Economics add interest to foreign policy school

Dennis Wesselbaum.
Dennis Wesselbaum.
A strong focus on economics has added to the popularity of the University of Otago's latest Foreign Policy School, co-director Dennis Wesselbaum believes.

Dr Wesselbaum, of the Otago economics department, said that entries for the 54th annual school had just closed and the 160-strong attendance was up about 15 on last year.

For the first time since 1999, the school would focus exclusively on economic policy, and there was clearly a strong interest, he said.

The school will open tomorrow evening with a keynote address by Deputy Prime Minister and Foreign Affairs Minister Winston Peters at the St Margaret's College venue.

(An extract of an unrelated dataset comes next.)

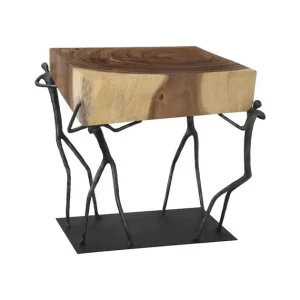 Atlas Side Table, Chamcha Wood/Metal, Natural Limited Edition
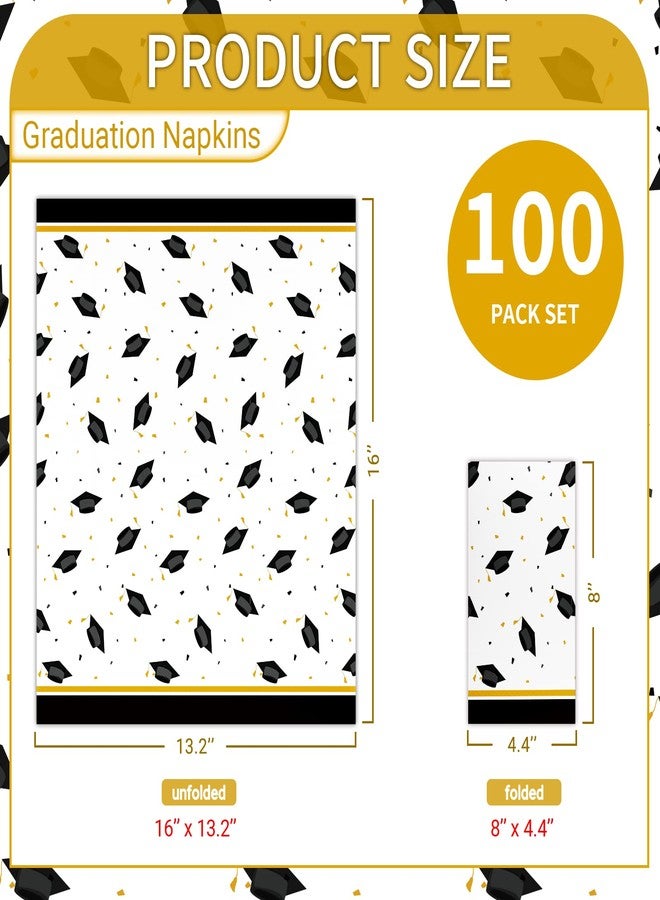 DYLIVeS 100 Pack Graduation Cap Paper Guest Towels, Black and Gold Party Napkins Congrats Grad Disposable Hand Towel Dinner Guest Napkins, Graduation Season Party Supplies Table Decorations, 3- Ply - Image 2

The school's programme partly reflected an acknowledgement that economics could play a key role in helping to achieve greater equality of various kinds within an individual society, and more equality between developed and developing countries, he said.

The strong international line-up of speakers includes a second Cabinet minister, Minister of Economic Development and Minister for Trade and Export Growth David Parker.

World Bank Group East Asia and Pacific vice-president Dr Victoria Kwakwa and Economic Growth Centre director at Yale University Prof Mark Rosenzweig were also among the high-profile speakers who would take part in a weekend of discussion on ''Economic Policy in a 21st-Century World: Challenges and Opportunities''.

Since World War 2, the world had generally benefited from playing a ''co-operative game'', including over trade, and countries still faced ''problems that cannot be solved in isolation'', Dr Wesselbaum said.

Despite short-term disruption, he believed the co-operative, multilateral approach was likely to resume.